▸ **What you are asked to do**
For this exercise, output the line holding "Más de 400 universitarios" and all subsequent lines of the entries below, unchanged, up to and including the last.

[Records from a data source]
+-------+

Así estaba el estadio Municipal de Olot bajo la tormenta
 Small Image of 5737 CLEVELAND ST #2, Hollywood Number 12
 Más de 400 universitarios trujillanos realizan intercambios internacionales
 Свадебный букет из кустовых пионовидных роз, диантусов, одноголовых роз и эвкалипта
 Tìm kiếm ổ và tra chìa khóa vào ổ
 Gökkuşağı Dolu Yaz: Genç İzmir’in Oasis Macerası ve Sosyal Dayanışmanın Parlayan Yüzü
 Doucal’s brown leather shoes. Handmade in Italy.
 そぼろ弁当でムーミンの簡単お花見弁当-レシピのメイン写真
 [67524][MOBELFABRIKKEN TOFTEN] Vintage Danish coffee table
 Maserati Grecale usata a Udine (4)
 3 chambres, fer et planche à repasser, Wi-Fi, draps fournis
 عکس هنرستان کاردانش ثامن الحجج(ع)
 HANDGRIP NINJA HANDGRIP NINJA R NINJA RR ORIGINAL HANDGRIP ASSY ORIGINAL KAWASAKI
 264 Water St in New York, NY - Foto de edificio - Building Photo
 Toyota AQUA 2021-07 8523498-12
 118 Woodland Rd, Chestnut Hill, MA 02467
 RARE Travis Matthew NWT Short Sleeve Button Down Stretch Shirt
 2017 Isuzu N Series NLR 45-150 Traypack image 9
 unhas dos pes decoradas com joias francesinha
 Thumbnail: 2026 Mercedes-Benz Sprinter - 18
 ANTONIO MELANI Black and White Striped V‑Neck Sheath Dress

+-------+

▸ **Output**
 Más de 400 universitarios trujillanos realizan intercambios internacionales
 Свадебный букет из кустовых пионовидных роз, диантусов, одноголовых роз и эвкалипта
 Tìm kiếm ổ và tra chìa khóa vào ổ
 Gökkuşağı Dolu Yaz: Genç İzmir’in Oasis Macerası ve Sosyal Dayanışmanın Parlayan Yüzü
 Doucal’s brown leather shoes. Handmade in Italy.
 そぼろ弁当でムーミンの簡単お花見弁当-レシピのメイン写真
 [67524][MOBELFABRIKKEN TOFTEN] Vintage Danish coffee table
 Maserati Grecale usata a Udine (4)
 3 chambres, fer et planche à repasser, Wi-Fi, draps fournis
 عکس هنرستان کاردانش ثامن الحجج(ع)
 HANDGRIP NINJA HANDGRIP NINJA R NINJA RR ORIGINAL HANDGRIP ASSY ORIGINAL KAWASAKI
 264 Water St in New York, NY - Foto de edificio - Building Photo
 Toyota AQUA 2021-07 8523498-12
 118 Woodland Rd, Chestnut Hill, MA 02467
 RARE Travis Matthew NWT Short Sleeve Button Down Stretch Shirt
 2017 Isuzu N Series NLR 45-150 Traypack image 9
 unhas dos pes decoradas com joias francesinha
 Thumbnail: 2026 Mercedes-Benz Sprinter - 18
 ANTONIO MELANI Black and White Striped V‑Neck Sheath Dress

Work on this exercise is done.